Por que pode ser tão difícil identificar e libertar-se de uma relação tóxica familiar? Como dito, toda relação tóxica pressupõe uma dualidade, característica fundamental para a sua perpetuação. Ou seja, além de eventualmente causar mal, agredir ou sujeitar a outra pessoa a uma realidade limitada ou humilhante, a relação tóxica também costuma exercer um forte poder de sedução e manipulação, causando a ilusão de que é imprescindível ou fazendo a pessoa questionar-se quanto aos seus próprios valores e convicções. Essa ambivalência é o que costuma manter alguém enredado em uma relação que faz mal, mas da qual não consegue se livrar.

Frequentemente, os abusadores são aqueles que se vestem do papel de autoridade na família, e costumam justificar suas práticas sob pretexto de proteção e amor, ou simplesmente impondo sua vontade de maneira arbitrária. O vil metal é um importante instrumento de dominação também no contexto familiar. Por isso, embora não seja requisito, independência financeira pode ser determinante.

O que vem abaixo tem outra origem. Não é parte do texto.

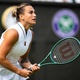 Sabalenka controla s&eacute;rvia e mant&eacute;m invencibilidade na estreia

É muito provável que o próprio abusador também precise de ajuda psicológica. Quando uma pessoa não vai bem, uma família inteira torna-se alvo e reflexo disso. Atacar pode significar uma maneira precária de pedir socorro. Embora valha a reflexão, cabe lembrar que não é dever do agredido salvar o agressor.

Sempre que possível, diálogo é o melhor ponto de partida. Presumir que um membro da família já sabe o que você precisa é um engano frequente. Algumas pessoas têm muita dificuldade em comunicar seus limites assertivamente. Dizer “não” significa apenas apontar esse limite, mas não pressupõe rejeição. Um bom “não”, empregado na hora e da maneira certa, é fundamental para fazer a relação caminhar com respeito e confiança.

Cada caso exige um olhar específico, é verdade, mas quando uma relação familiar não caminha bem, calcular e ajustar uma distância que seja segura e saudável para você pode ser necessário. Ninguém precisa se sujeitar aos modelos impostos pela família. Romper com essas projeções é tão importante quanto desejável. Parece clichê, mas amor pressupõe liberdade, sempre.